Hong Kong civil servant and government official

Brian Charles Keith Hawkins (22 August 1900 – 1962), CMG, OBE was a Hong Kong civil servant and government official. He was the Labour Officer and the Secretary for Chinese Affairs.

Hawkins joined the Hong Kong cadets and joined the Hong Kong civil service. In 1940, he was appointed Labour Officer. During the Japanese occupation of Hong Kong, Hawkins was interned at the Stanley Camp.

After the war, Hawkins joined the British Military Administration as Secretary for Chinese Affairs and Labour Officer, with J. C. McDouall as his assistant.

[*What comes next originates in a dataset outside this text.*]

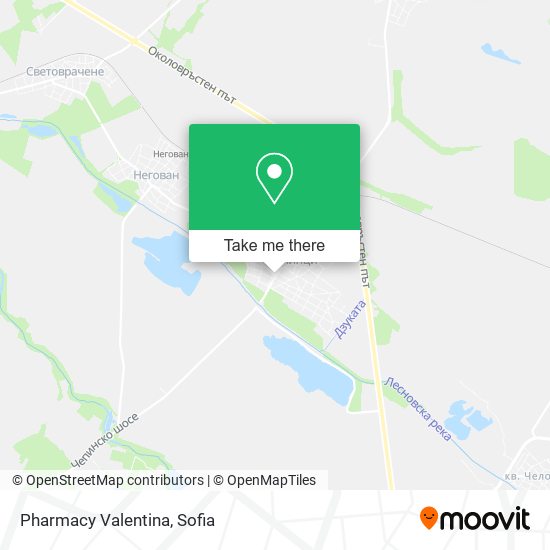 Pharmacy Valentina map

During his services as Secretary for Chinese Affairs, Hawkins managed such issues as tenancy, domestic disputes, issuing of alcohol license, and publication. In 1946, he was awarded Officer of the Order of the British Empire (OBE) for the services in connection with the rehabilitation of the colony.

He continued his position as Labour Officer, in which the title was changed to Commissioner for Labour in 1947. In August 1947, the Chinese Engineers' Institute launched a strike where the Kowloon-Canton Railway and docks stopped running, the Hong Kong and China Gas Company closed and Dairy Farm stopped producing milk, which caused an immediate jump in food prices, after the engineers' demand of wage increase from $2 to $5 a day was rejected. Hawkins announced all disputes were settled and that basic wages would rise by 50 per cent after negotiations went on for more than a month. In 1948, the rickshaw pullers demanded for rent reduction of rickshaws, in which Hawkins mediated between the pullers and the owners and finally reached a settlement. In 1952, Hawkins was made Companion of the Order of St Michael and St George (CMG).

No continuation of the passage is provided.